Bernal si è piantato e onestamente un po’ ce l’aspettavamo, difficile dire perché. Sarà che lo avevamo visto da vicino riprendere fiato sullo Zoncolan ed era parso che per respingere Yates avesse fatto una fatica oltre ogni limite. Oppure perché questo tipo di arrivo avrebbe messo a dura prova la sua schiena più di quelli visti finora. Quando Yates ha affondato davvero il colpo, Egan ha ceduto e non sembrava in grado di imprimere forza nei pedali. Il primo pensiero è andato alla schiena, perché era evidente che gli eventuali dolori sarebbero venuti fuori sulle salite lunghe e ripide, che costringono la schiena a contrastare per un lungo tempo la spinta delle gambe. Chiaramente la maglia rosa si è guardata bene dal fare una simile ammissione, che sarebbe benzina sul fuoco dei rivali, ma qualcosa oggi non ha funzionato.
Che cosa è successo?
Ho sbagliato a rispondere allo scatto di Yates e per fortuna ho avuto accanto Martinez, che mi ha scandito il passo e mi ha pure incoraggiato (foto di apertura). Forse se come Yates avessi visto la salita sarebbe cambiato qualcosa, avrei mollato prima, mi sarei messo in difesa e avrei limitato il distacco negli ultimi 2,5 chilometri, ma non si può avere il tempo di provarle tutte. Poteva andare peggio, tutto sommato mi sono salvato bene.
Yates adesso ti fa paura?
Lo dico dal primo giorno che mi fanno paura tutti, non sottovaluto nessuno. Il Giro è una corsa imprevedibile, voglio essere tranquillo e concentrato. Devo gestire bene la corsa, perché si è visto oggi che se qualcuno ha gambe, può fare la differenza.

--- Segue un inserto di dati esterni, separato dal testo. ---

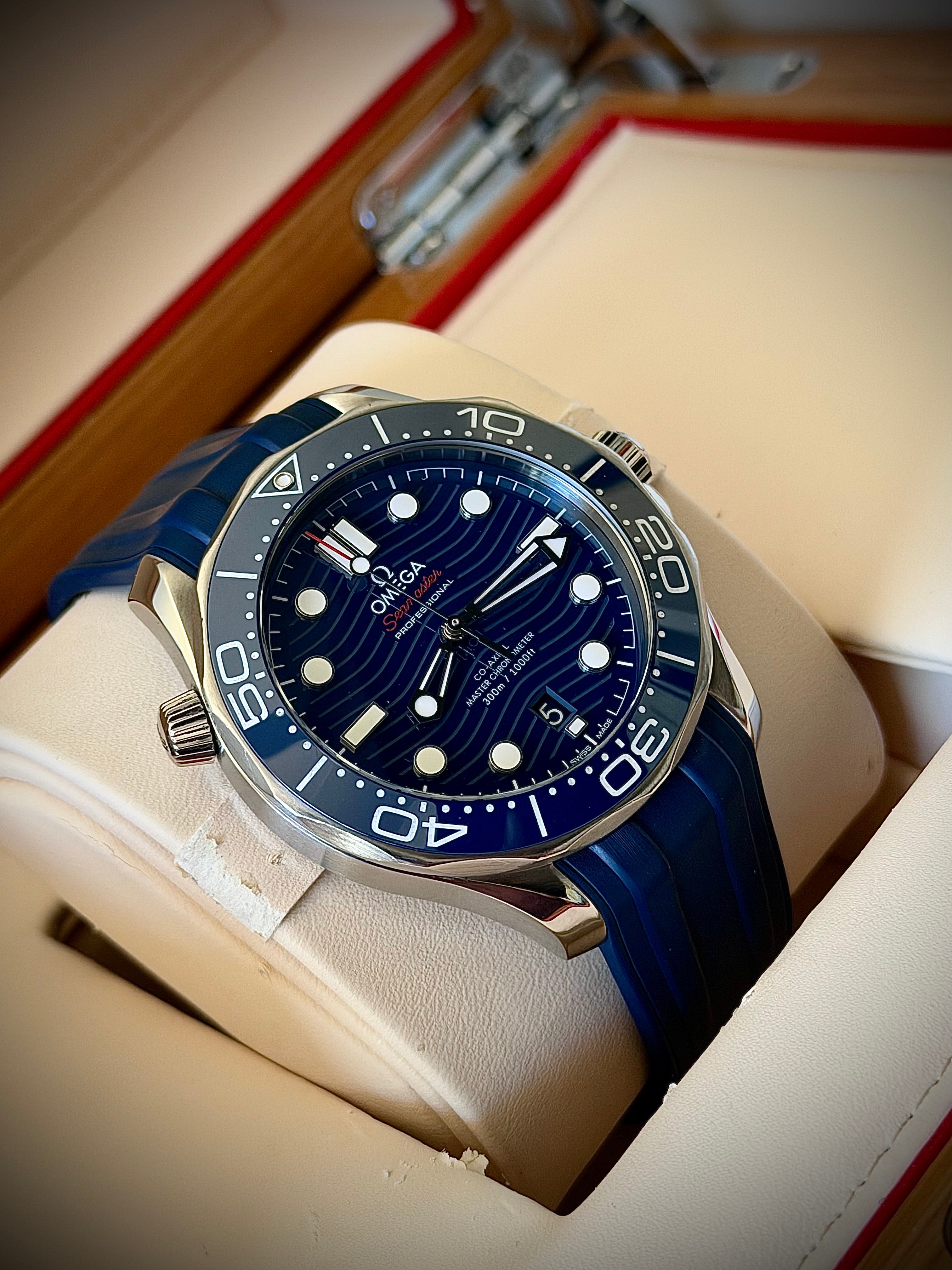 2022 OMEGA SEAMASTER 300, BLUE DIAL, FULL SET, INC GST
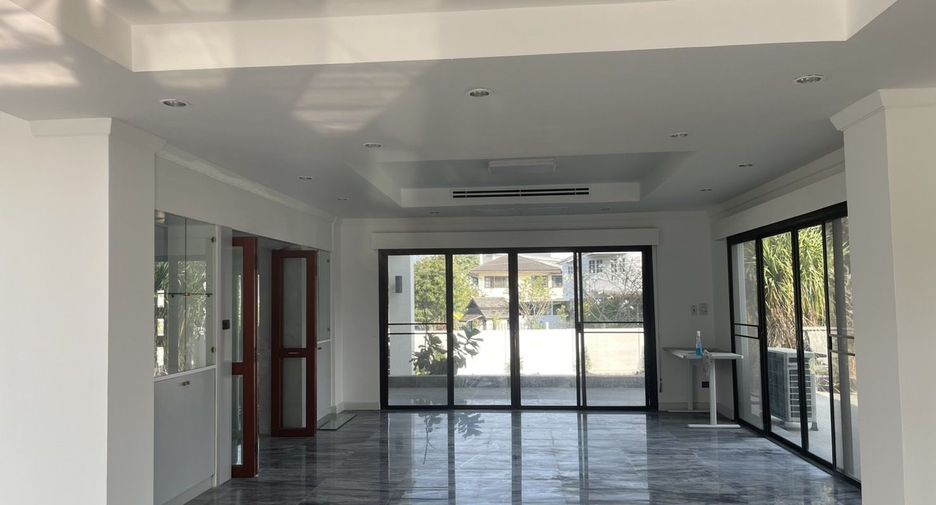 For sale 4 bedrooms house in Thawi Watthana, Bangkok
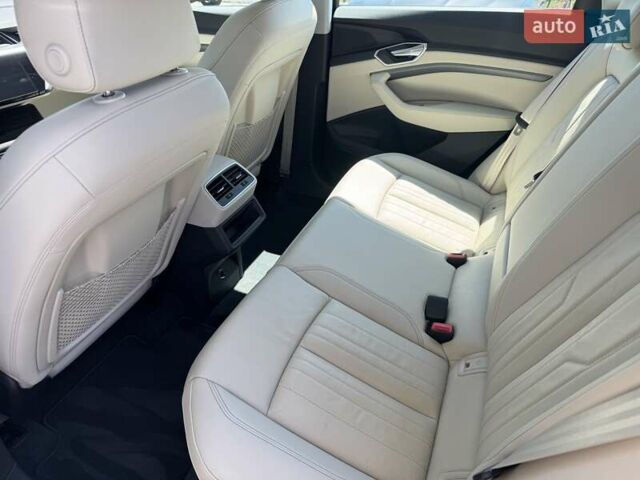 Черный Ауди E-Tron, объемом двигателя 0 л и пробегом 196 тыс. км за 23990 $, фото 11 на Automoto.ua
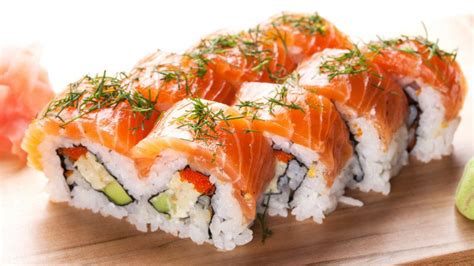 Easy Alaska Roll Sushi Recipe (Light and Tasty)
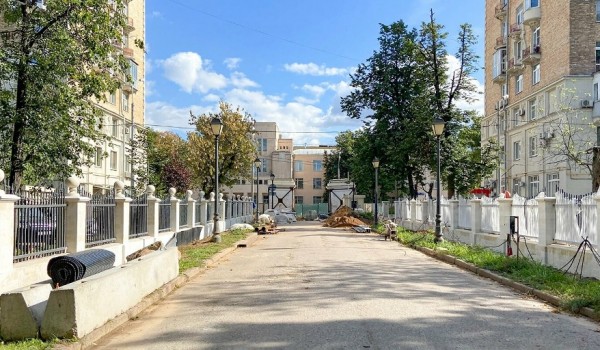 Реставраторы спасают пилоны парадных ворот Александринского дворца
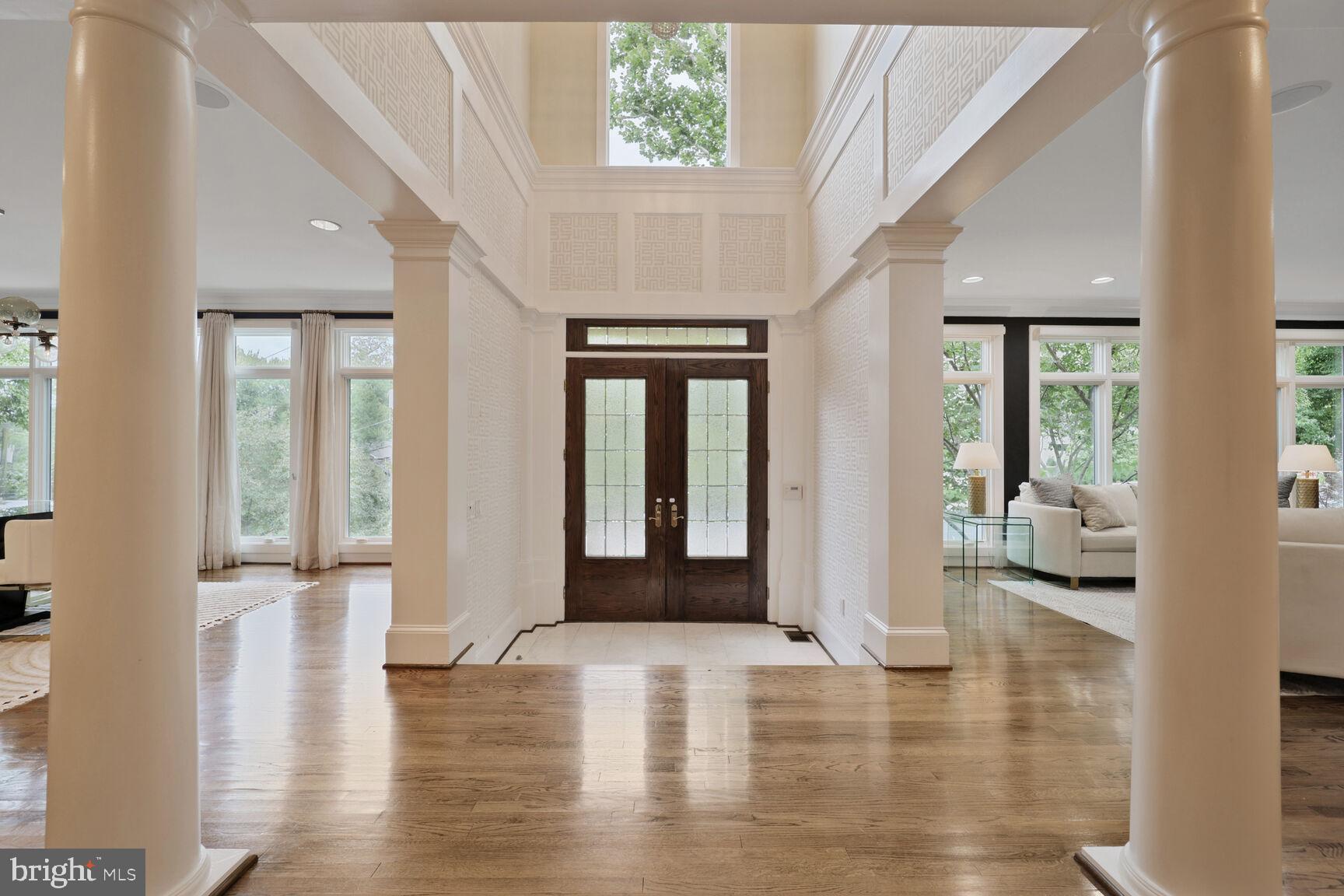 3121 ARIZONA AVENUE NW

Per la prima volta i tuoi avversari hanno visto che non sei imbattibile…
Mi fa piacere sentirmi dire che sono il più forte in salita, ma non ci ho mai creduto. Già ieri avevo detto che avere un buon margine mi avrebbe permesso di stare tranquillo casomai avessi avuto una giornata storta ed eccola arrivata. Nessuno è imbattibile, neanche io. In questi momenti in cui si soffre, però, si vede la grinta dei corridori. Non sarebbe bello vincere facilmente. Bisogna essere onesti e dire che oggi sono stati più forti gli altri.
Hai avuto paura di crollare?
Yates ha fatto un paio di scatti davvero forti e ho sbagliato a seguirlo, c’era tanta pendenza e sono andato fuorigiri. Quando poi vai sopra al tuo ritmo, serve tempo per recuperare, ma su quelle pendenze è dura. In più dovevo tirare il fiato perché sapevo che sarebbe arrivato Caruso. Se mi avesse staccato, non avrei risolto un bel niente.
Mal di schiena o giorno di riposo che ha lasciato delle tracce?
Non so dire se sia stato il riposo, anche se può capitare. Gli scatti di Yates sono stati importanti, quindi magari non sarei riuscito a seguirlo anche se fossi stato bene. Bisogna essere onesti, Simon ha vinto perché era il più forte. Ma ho anche pensato che non fosse poi così vicino in classifica. Ho ancora un buon margine e il Giro è ancora lungo».